この方法は、屈折率異方性を有する液晶分子を通過したために直線偏光から楕円偏光へ変換された光を、屈折率異方性を有する液晶層の片側または両側に介在させた光学位相差板を通過させることによって、視角に生ずる正常光と異常光の位相差変化を補償して直線偏光の光に再変換し、視角依存性の改善を可能にするものである。
このような光学位相差板として、屈折率楕円体の1つの主屈折率方向を光学位相差板表面の法線方向に対して平行にしたものが、例えば特開平5−313159号公報に記載されている。しかしながら、この光学位相差板を用いても、正視角方向の反転現象を改善するには限界がある。
また、反転現象を解消するために、例えば、特開昭57−186735号公報には、各表示パターン(画素)を複数に区分し、区分されたそれぞれの部分が独立した視角特性を有するように配向制御を施す、いわゆる画素分割法が開示されている。この方法によれば、それぞれの区分において、液晶分子が互いに異なる方向に立ち上がるので、視角依存性を解消することができる。しかしながら、上下方向に視角を傾けたときにコントラストが低下するという問題は解消されない。
また、特開平6−118406号公報及び特開平6−194645号公報には、上記の画素分割法に光学位相差板を組み合わせる技術が開示されている。

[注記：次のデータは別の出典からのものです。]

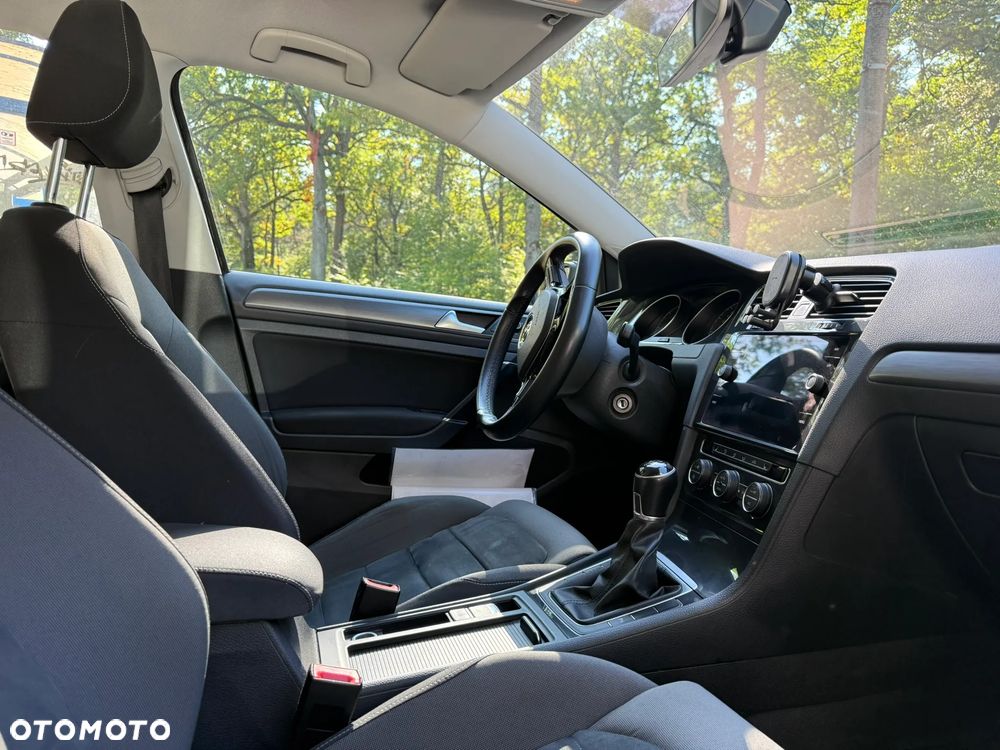 Volkswagen Golf - 3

特開平6−118406号公報に開示されている液晶表示装置は、液晶パネルと偏光板との間に光学異方性フィルム(光学位相差板)が挿入されることにより、コントラストの向上などが図られている。特開平6−194645号公報に開示されている補償板(光学位相差板)は、補償板面に平行な方向の面内の屈折率がほぼなく、かつ補償板面に垂直な方向の屈折率が面内の屈折率より小さくなるように設定されていることにより、負の屈折率を有する。このため、電圧が印加されたときに、液晶表示素子に生じる正の屈折率を補償して、視角依存性を低減させることができる。
しかしながら、画素分割法にこの光学位相差板を用いても、視角を傾けたときに斜め45°方向で着色現象が発生したり、上下方向のコントラストの低下を均一に抑制することが難しい。
したがって、屈折率楕円体の1つの主屈折率方向を位相差板表面の法線方向に対して平行である屈折率楕円体が傾斜していない光学位相差板を用いて視角に依存して生じるコントラスト変化、着色現象、反転現象を改善するには限界がある。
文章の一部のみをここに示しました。